Remove unneeded last "~" (I see 4 extra at the end).

> +
> +The ``rte_member_lookup()`` function looks up a single key/element in
> the set-summary structure. It
> +returns as soon as the first match is found. The return value is 1 if a
> +match is found and 0 otherwise. The arguments for the function include
> ``key`` which is a pointer to the
> +element/key that needs to be looked up, and ``set_id`` which is used to
> return the
> +first target set id where the key has matched, if any.
> +
> +The ``rte_member_lookup_bulk()`` function is used to look up a bulk of
> keys/elements in the
> +set-summary structure for their first match. Each key lookup returns as
> soon as the first match is found. The
> +return value is the number of keys that find a match. The arguments of the
> +function include ``keys`` which is a pointer to a bulk of keys that are to be
> looked up,
> +``num_keys`` is the number
> +of keys that will be looked up, and ``set_ids`` are the return target set
> +ids for the first match found for each of the input keys. ``set_ids`` is an
> array
> +needs to be sized according to the ``num_keys``. If there is no match, the
> set id
> +for that key will be set to RTE_MEMBER_NO_MATCH.
> +
> +The ``rte_member_lookup_multi()`` function looks up a single
> key/element in the
> +set-summary structure for multiple matches. It
> +returns ALL the matches (possibly more than one) found for this key when
> it
> +is matched against all target sets (it worth noting that for cache mode
> HTSS,

"it is worth"

> +the current implementation matches at most one target set). The return
> value is
> +the number of matches
> +that was found for this key (for cache mode HTSS the return value
> +should be at most 1). The arguments for the function include ``key`` which
> is a pointer to the
> +element/key that needs to be looked up, ``match_per_key`` which is to

Better to use "max_match_per_key". Will comment more in other patches.

> indicate maximum number of matches
> +the user expect to find for each key, and ``set_id`` which is used to return
> all

"user expects to".

> +target set ids where the key has matched, if any.
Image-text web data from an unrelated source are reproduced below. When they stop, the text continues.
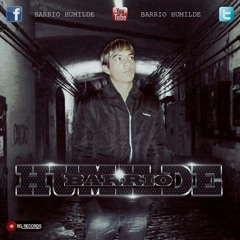 Barrio Humilde - Tu Eres la Flor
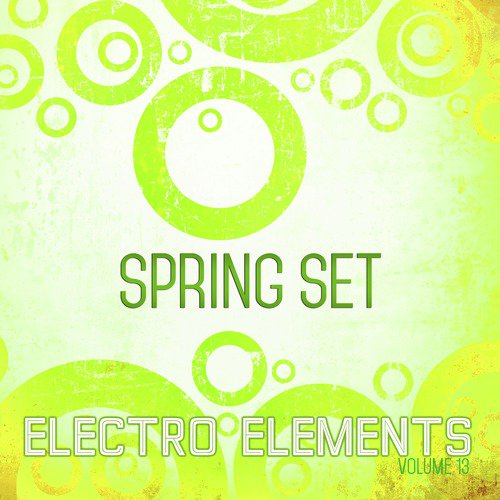 Electro Elements: Spring, Vol. 13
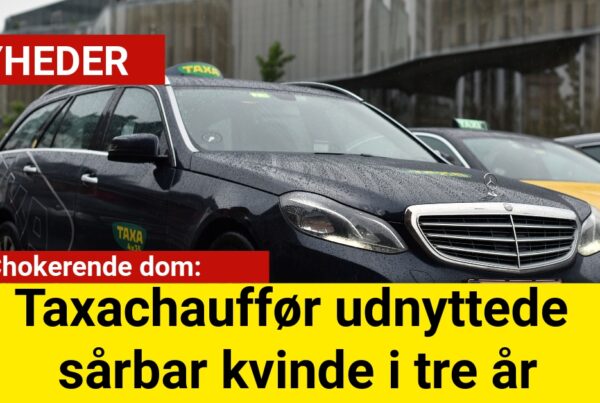 Taxachauffør udnyttede sårbar kvinde i tre år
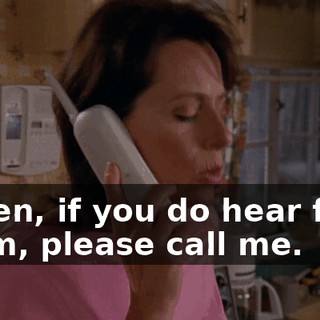 Listen, if you do hear from them, please call me.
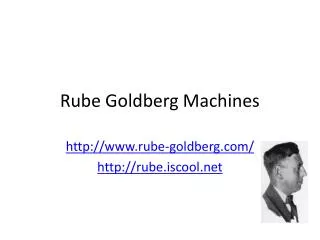 Rube Goldberg Machines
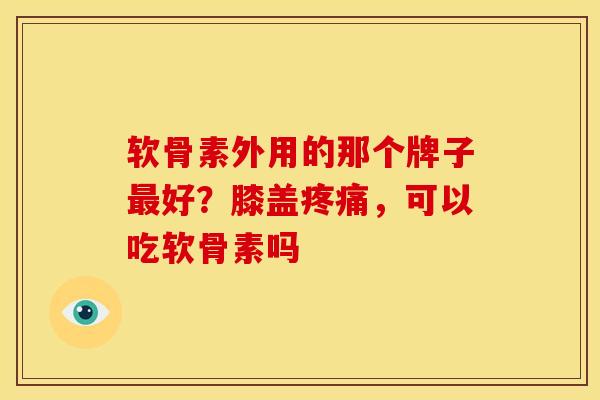 软骨素外用的那个牌子最好？膝盖疼痛，可以吃软骨素吗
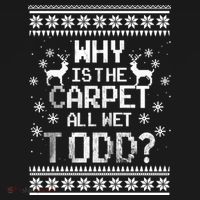 Why Is The Carpet All Wet Todd? Couples Matching Christmas Mousepad thumb 1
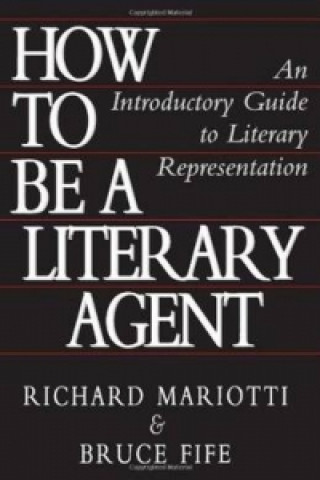 Книга How To Be A Literary Agent Bruce Fife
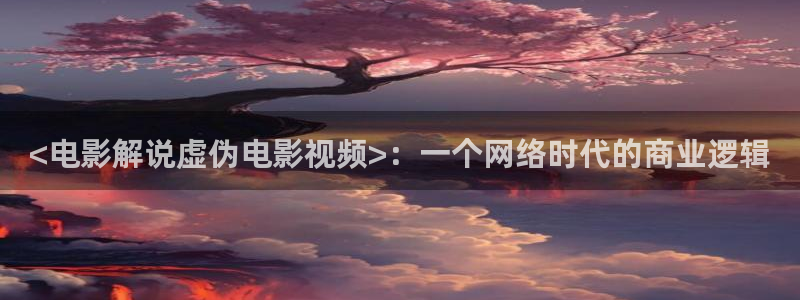 神马影院第九兔达达兔在线播放：<电影解说虚伪电影视频>：一个网络时代的商业逻辑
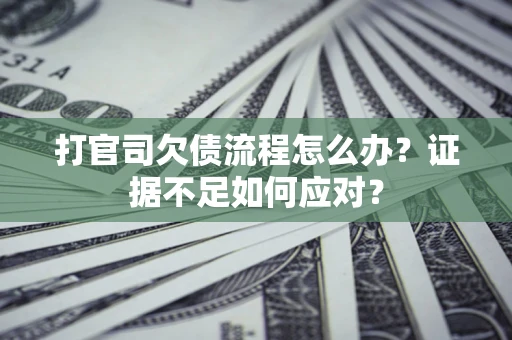 北京打官司欠债流程怎么办？证据不足如何应对？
The ``set_id`` array
> should be sized
> +according to ``match_per_key``. For vBF, maximum number of matches
> per key is equal

"For vBF, the maximum number".

> +to the number of sets. For HTSS, maximum number of matches per key is
> equal to two times
> +entry count per bucket. ``match_per_key`` should be equal or smaller than

"two time the entry count".

> maximum number of
> +possible matches.
> +
> +The ``rte_membership_lookup_multi_bulk()`` function looks up a bulk of
> keys/elements elements in the
> +set-summary structure for multiple matches, each key lookup returns ALL
> the matches (possibly more
> +than one) found for this key when it is matched against all target sets
> (cache mode HTSS
> +matches at most one target set). The
> +return value is the number of keys that find one or more matches in the
> +set-summary structure. The arguments of the
> +function include ``keys`` which is
> +a pointer to a bulk of keys that are to be looked up, ``num_keys`` is the
> number
> +of keys that will be looked up, ``match_per_key`` is the possible
> +max number of matches for each key, ``match_count`` which is the

Use "maximum number", no need to abbreviate here.

> returned number
> +of matches for each key, and ``set_ids`` are the returned target set
> +ids for all matches found for each keys. ``set_ids`` is 2-D array
> +that for each key, a 1-D array should be sized according to
> ``match_per_key``.

I would reword it a bit, to improve readability. For instance: 
"set_ids" is a 2-D array, containing a 1-D array per key,
which should be sized according to "match_per_key".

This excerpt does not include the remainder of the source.